Tineriaan verzog den Mundwulst zur schaurigen Nachahmung eines Grinsens.

Während die ANKH-TARIKH innerhalb des Systems im weißgoldenen Licht Gondolars abbremste, erkannte Ageare im Zoom mehr und mehr Details. Das Holo veränderte sich zu einer Wolkenwand, die an einer Stelle orangerot leuchtete. Ageare berührte die Stelle mit dem Zeigefinger, dass ein heller Lichtpunkt auf der Kuppe tanzte.

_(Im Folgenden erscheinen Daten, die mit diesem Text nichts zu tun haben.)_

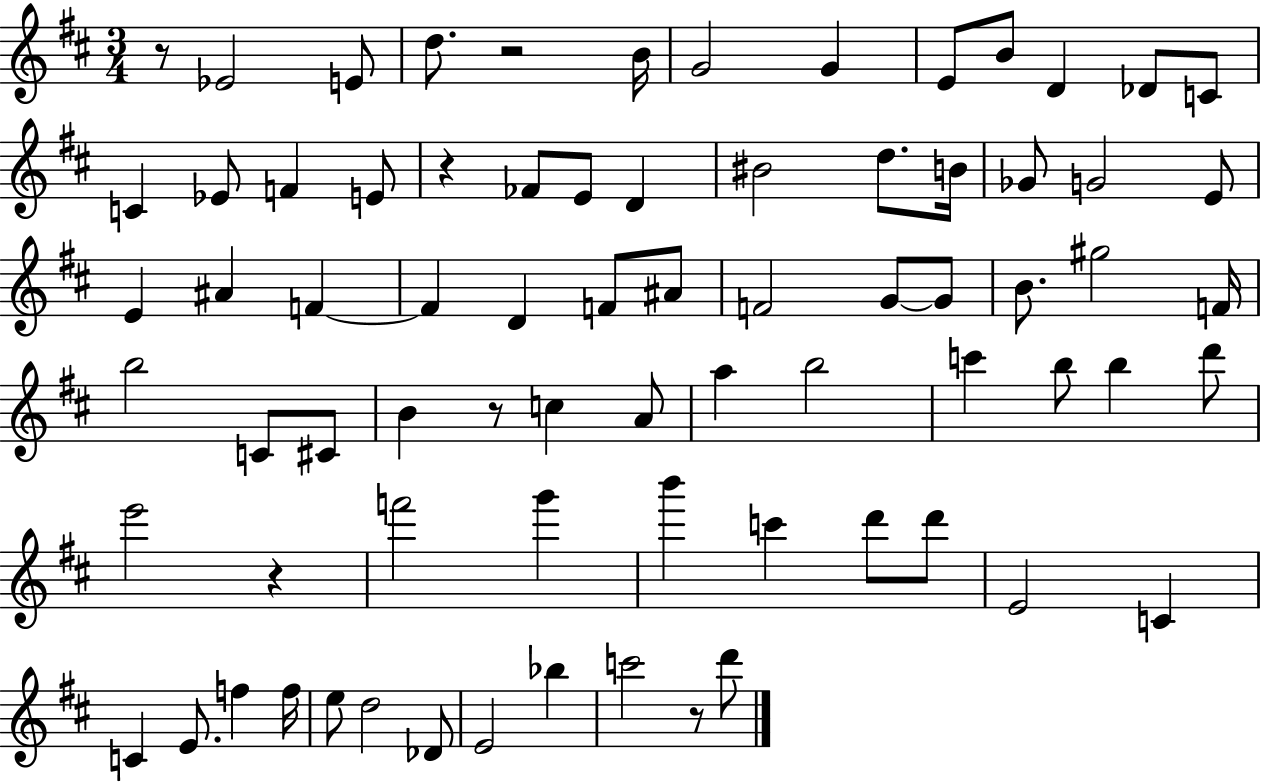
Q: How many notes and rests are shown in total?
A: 75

»Der Leitlaser am Raumhafen«, sagte Tineriaan. Der Naat bewegte die Säulenbeine. »Orangerot ist gut. Ich will endlich wieder Platz haben.« Zwar standen Tineriaan in diesem Bereich der Mehandorwalze zwei Sitzplätze zur Verfügung, doch der Raum für seine Beine reichte kaum aus, sie zu strecken. Die knapp vierhundert Meter lange Walze bot trotz des voluminösen Transitionstriebwerks genug Platz, sich darin zu verlaufen, und schaffte es dennoch nicht, einem Naat den nötigen Komfort zu bieten.

»Auf Sonnenschein brauchen wir wohl kaum zu hoffen«, scherzte Ageare. Sie berührte den golden gefärbten Hautwulst an ihrem Hals, der wie eine eng anliegende Kette aussah.

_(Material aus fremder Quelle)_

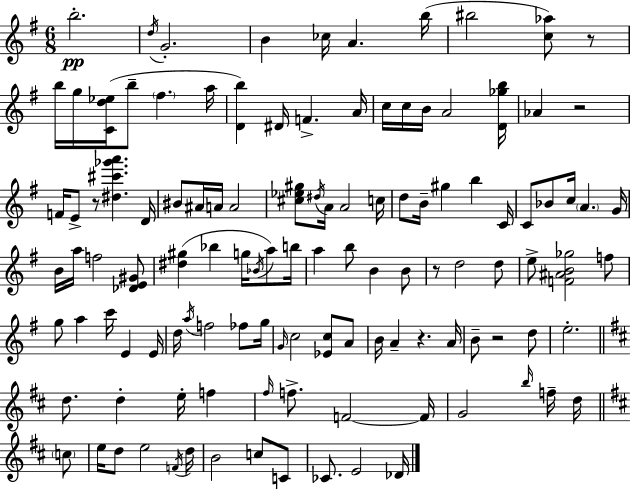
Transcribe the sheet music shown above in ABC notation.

X:1
T:Untitled
M:6/8
L:1/4
K:Em
b2 d/4 G2 B _c/4 A b/4 ^b2 [c_a]/2 z/2 b/4 g/4 [Cd_e]/4 b/2 ^f a/4 [Db] ^D/4 F A/4 c/4 c/4 B/4 A2 [D_gb]/4 _A z2 F/4 E/2 z/2 [^d^c'_g'a'] D/4 ^B/2 ^A/4 A/4 A2 [^c_e^g]/2 ^d/4 A/4 A2 c/4 d/2 B/4 ^g b C/4 C/2 _B/2 c/4 A G/4 B/4 a/4 f2 [_DE^G]/2 [^d^g] _b g/4 _B/4 a/2 b/4 a b/2 B B/2 z/2 d2 d/2 e/2 [F^AB_g]2 f/2 g/2 a c'/4 E E/4 d/4 a/4 f2 _f/2 g/4 G/4 c2 [_Ec]/2 A/2 B/4 A z A/4 B/2 z2 d/2 e2 d/2 d e/4 f ^f/4 f/2 F2 F/4 G2 b/4 f/4 d/4 c/2 e/4 d/2 e2 F/4 d/4 B2 c/2 C/2 _C/2 E2 _D/4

»Meinst du, wir schaffen es?«, wechselte Tineriaan das Thema. Es war Ageare klar, dass er damit nicht ihren vorgeschobenen Auftrag meinte, sondern die eigentliche Mission, von der alles abhing.

»Wenn du daran zweifelst, hat da Gonozal den Falschen für den Job gewählt.«

Tineriaan senkte den Kopf und blickte mit allen drei Augen zur Seite. Das helle Rot der Iriden wirkte gedämpft.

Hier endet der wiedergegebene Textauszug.